Chemotherapy and Sex: Helping Our Patients Assess Risk

Chemotherapy and Sex: Helping Our Patients Assess Risk

Anne Katz, PhD, RN, FAAN

@DrAnneKatz
May 31, 2017

Sheila* is a vibrant woman in her late 50s with stage II gastric cancer. She is slight but energetic; her chart states that she has lost a considerable amount of weight since her diagnosis and treatment. She’s had chemotherapy and surgery and is now on continuous chemotherapy for 63 days and 63 nights.

She came to see me to ask about what precautions she needed to take when having sex with her husband of 32 years. She had asked the nursing staff at the facility where she is being treated, but was not satisfied with their response, so she asked for a referral to me. Coincidentally, I was writing a chapter on sexuality and chemotherapy when I got her call, so I had been immersed in the very little literature on the topic for the preceding week.

We started our time together with me listening to her story. This is always the favorite part of my work with patients; I learn so much about them as people and this is vital to our work together. Sheila talked about her love for her husband and how they have grown together as a couple over the years. She described the challenges of their 20s and 30s, when they were parenting young children, and then the joys of their 40s and 50s, as they rediscovered each other. I nodded as she talked, having heard similar stories from other patients.
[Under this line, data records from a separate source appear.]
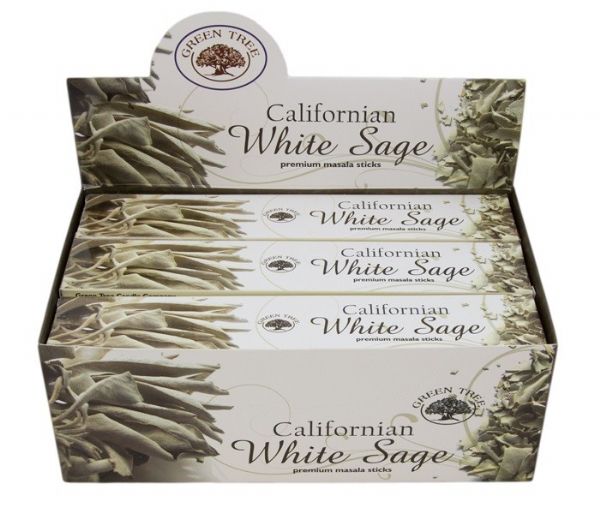 A self-display box of Green Tree California White Sage Incense with 12 packs, each containing 15g of purifying incense sticks.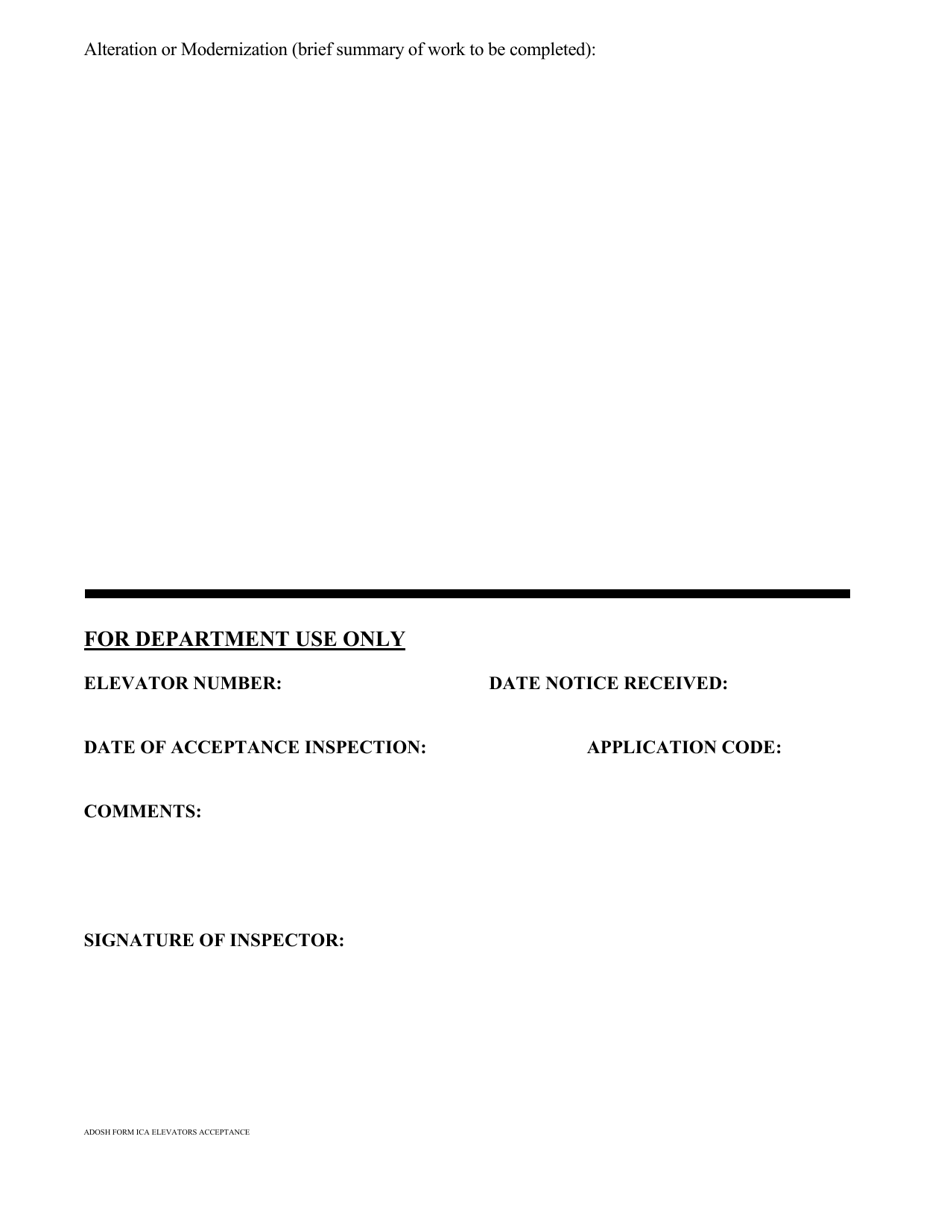 Ica Notice of Installation, Relocation or Major Alteration of an Elevator, Dumbwaiters, Escalator, Moving Walk, Material Lift, Stairway Chairlift or Platform Lift - Arizona, Page 2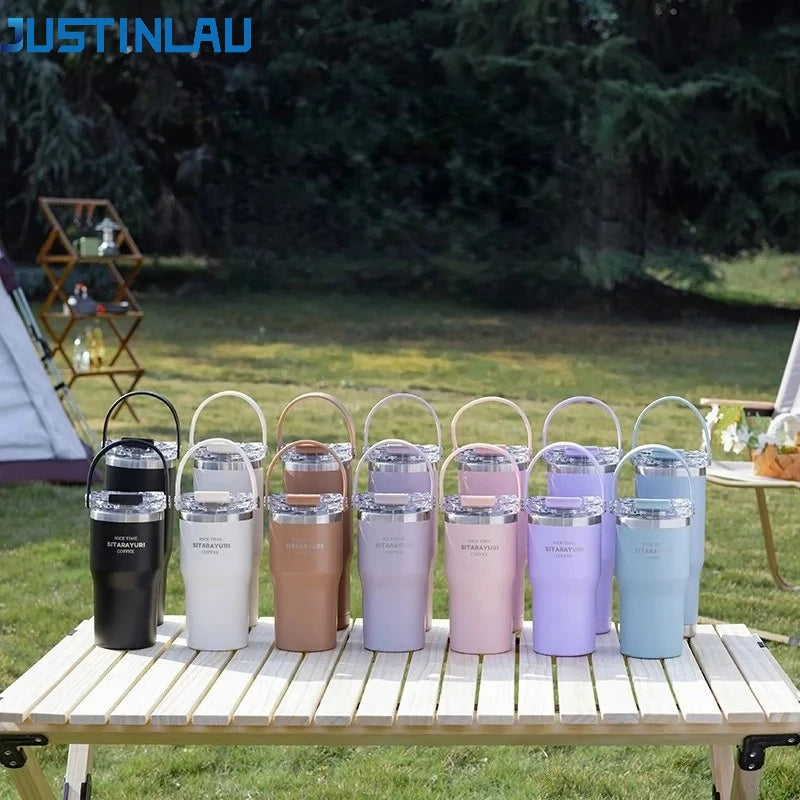 JUSTINLAU 600/900ml Insulated Cups Stainless Steel Double-drinking Thermos Cup with Handle& Straw Sports Bottle Car Ice Tumbler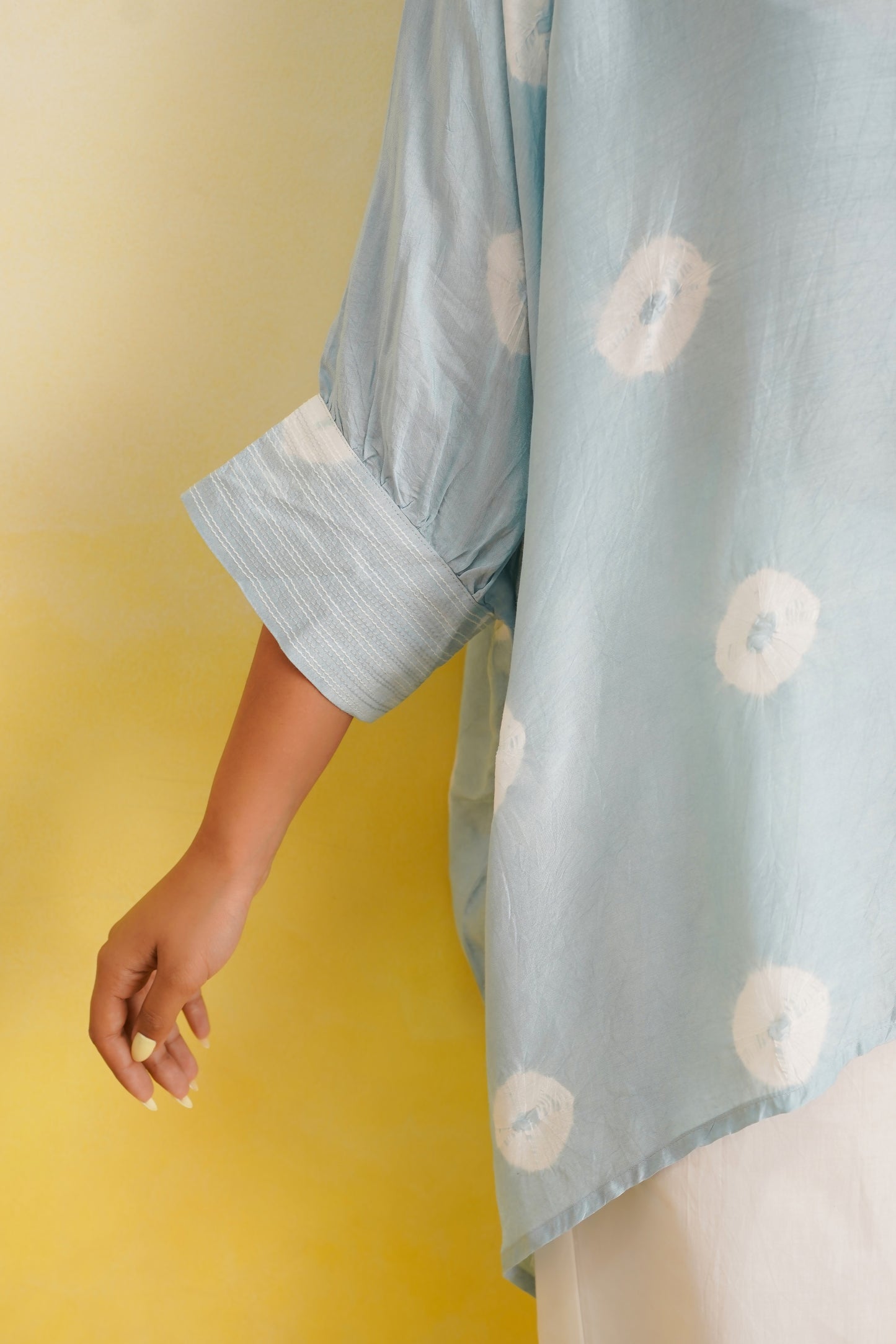 Bandhani Co-ord Set of Two (Ice Blue)
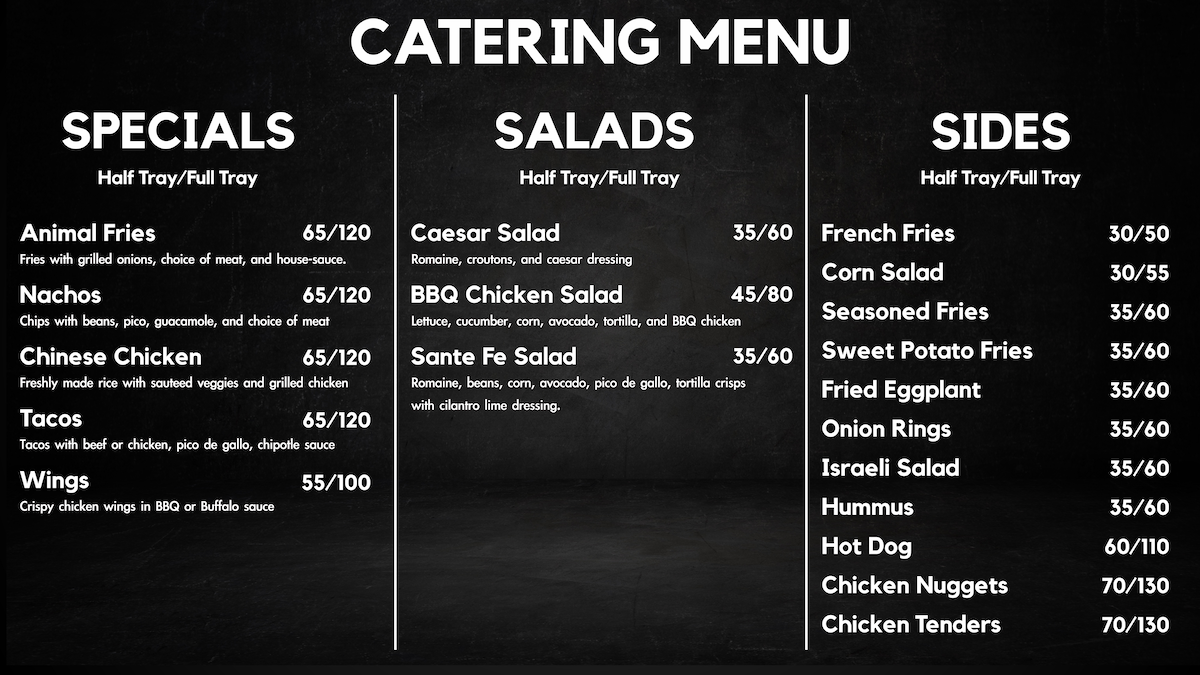 Shalom Grill Catering Menu 2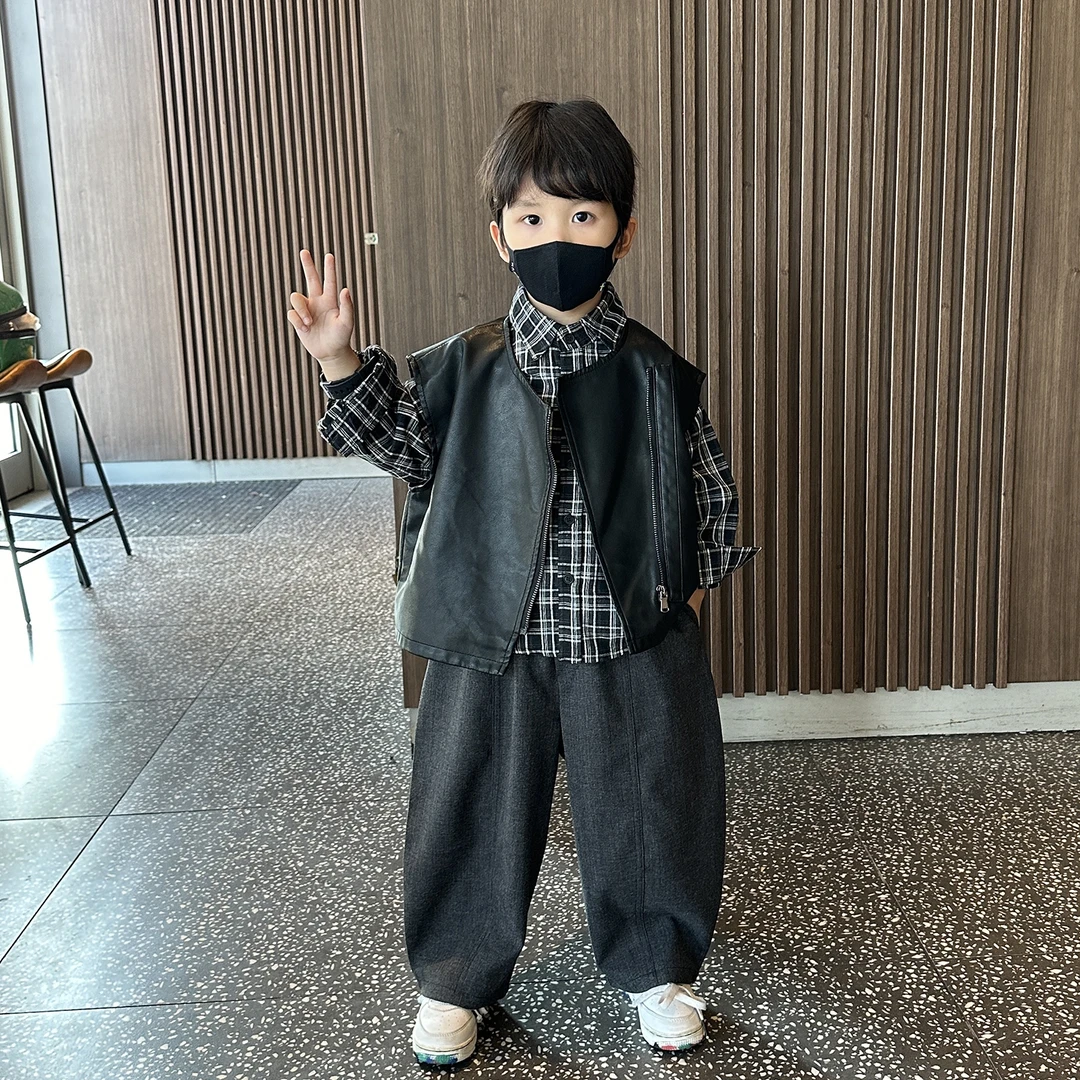 男童套装2025新款秋季儿童宝宝春秋装韩版时髦衬衫皮马甲三件套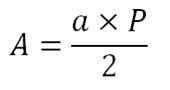 A = ( a x P ) / 2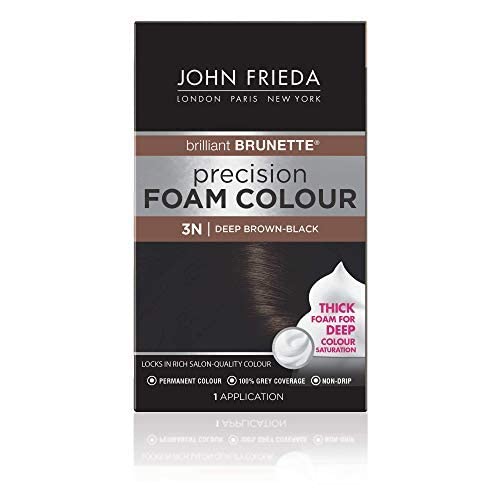 John Frieda Precision Foam Colour, Deep Brown Black 3N, Full-Coverage Hair Color Kit, With Thick Foam For Deep Color Saturation #TOP10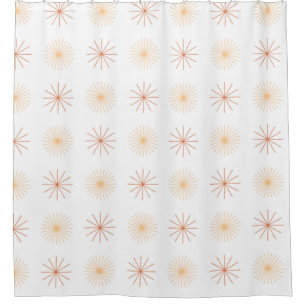 Boho abstract sun starburst peach orange white shower curtain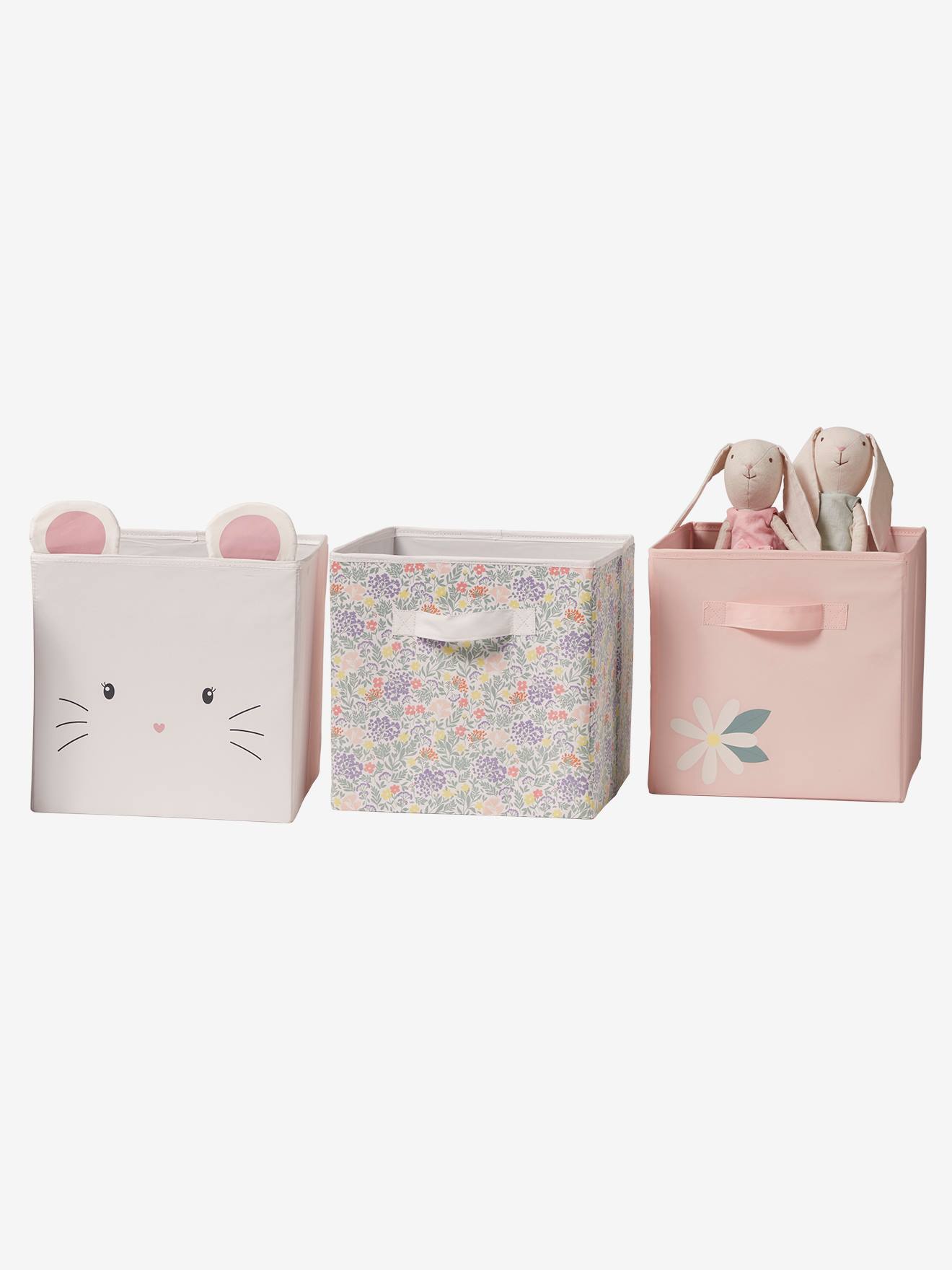 Lot de 3 bacs de rangement Champêtre blanc imprimé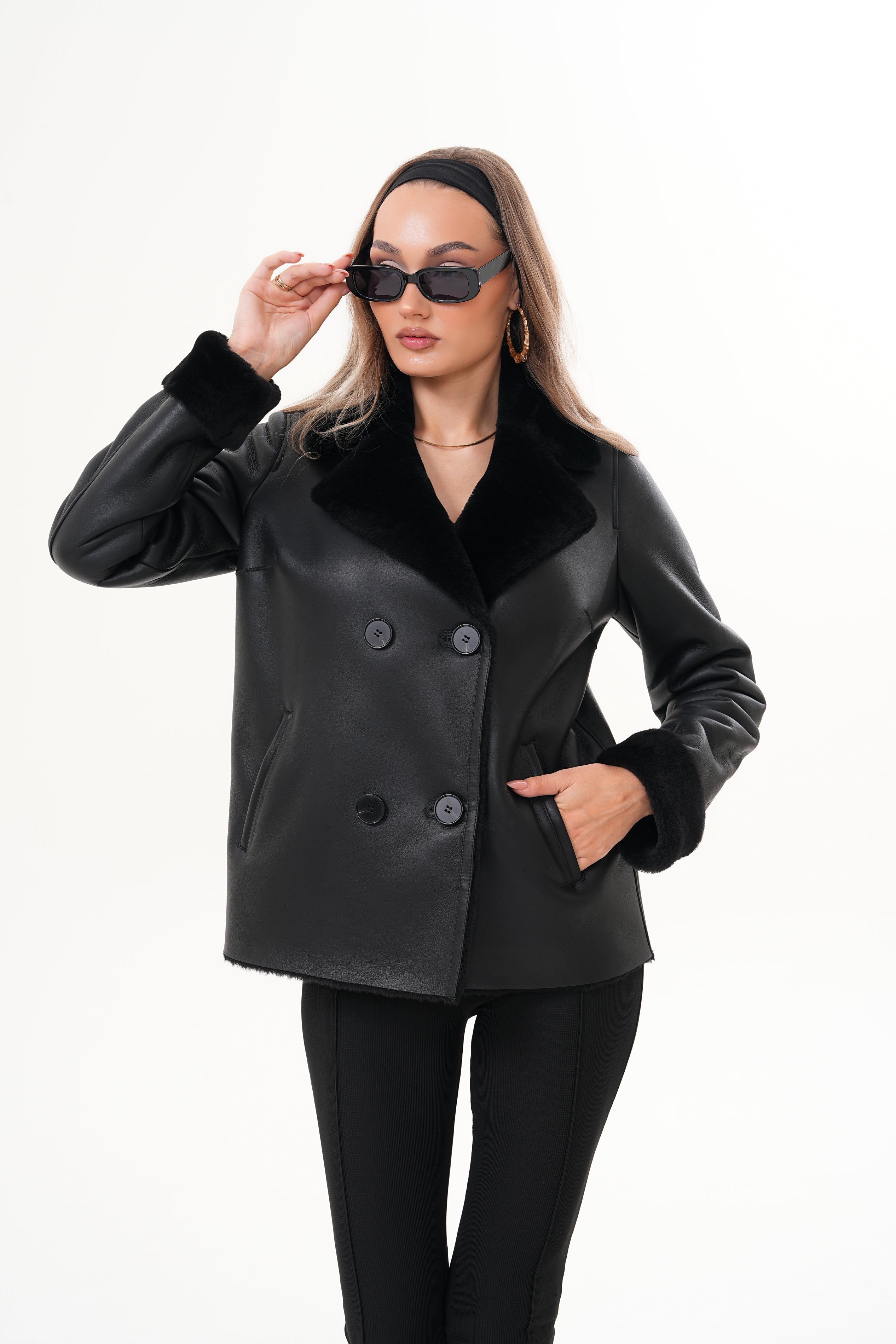 The Zurich Double-Breasted Black Shearling Leather Women Jacket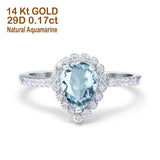 14K White Gold 1.42ct Teardrop Pear Halo 8mmx6mm G SI Natural Aquamarine Diamond Engagement Wedding Ring Size 6.5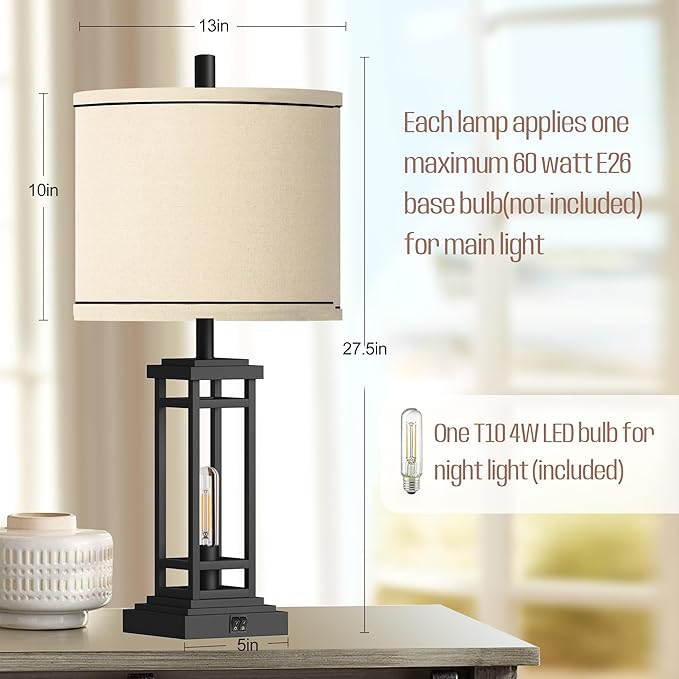 ROTTOGOON 27.5 Tall Farmhouse Table Lamps with USB C + USB A Charge Ports, Rustic Living Room Lamps Set of 2, Black Industrial End Table Lamp for Bedroom Living Room Nightstand (Black)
“So what is safe for us to do?” she asked me.

I started by asking her what she had been told as part of her preparation for chemotherapy. She had not been told anything. She’d asked her oncologist and he told her that most patients on chemotherapy are not interested in sex. She had also not been able to find anything on the internet.

I then asked her what she understood by “sex.” This may sound like a simple or even stupid question, but in the years that I have been doing this work, I have learned that sex has different meanings for different people. For some, it is intercourse and only that. For others, it means kissing and touching, and for some, it means a wide range of activities including oral and anal penetration. It is important for me to understand what the patient means by the word and what their sexual repertoire encompasses so that I can provide appropriate and accurate information. Just as talking about sexual activity is uncomfortable for health care providers, it can also be awkward for patients, and so I explain that I need to know what they mean by the word and what they do so that I can help them.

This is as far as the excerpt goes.